Wednesday, November 11, 2009

Text vs Writing

Sigh. Not to be the stereotypical anti-tutor, but it seems like we've already had the same arguments about writers vs. texts, and I'm pretty sure the jury is still out on that one (is that a colloquialism?). Thats because there is no right judgement, only a right tutee and a right time, as Ortoleva states. I don't think he did an awful job of 'meditiating' on this movement from text to writer or vice versa, nor do I have any complaints about how he writes. I liked how he observed that when a tutor works with a student from a completely different discipline, they are almost forced to focus more on the writer, since they can't really understand the writing.
Personally, I've had an experience with sucha student; he was a biology major, and I'm..not.

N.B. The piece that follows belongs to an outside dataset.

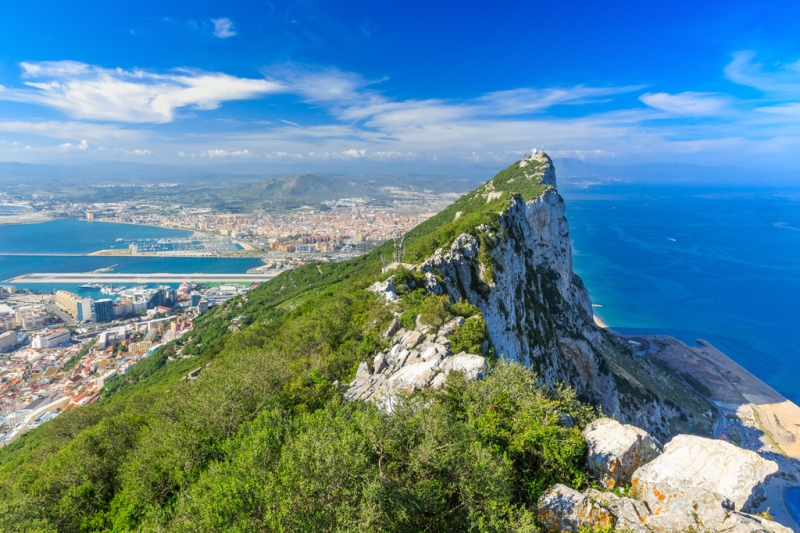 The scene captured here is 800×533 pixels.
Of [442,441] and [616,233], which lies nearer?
[442,441]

His paper was about some kind of germ that is found in the roots of some kind of species of goldenrod and radish. Totally bizzarre, and I only understood every other word int he paper. On top of all the confusion about WHAT the paper was about, the structure of the paper was different! Who knew the other departments wrote differently?? Apparently this paper was written in a 'lab' format, where only scientific material and fact could be presented. No opinion, no flowery words, no metaphor..what the heck? This wasn't writing! It was robotic regurgitation of boring ideas, right? Not so much. after 15 minutes of having the writer explain to me what it was we were doing, and how I could help him, I was ready to let him be the tutor. We finally came to an understandign, and the rest of the session went fairly smoothly. Turns out he really only needed emotional support. Anyways, we ended up focusing more on him and his interpretation and how he presented the facts rather than the paper itsself, and so that's how I had my first text-centered tutoring session.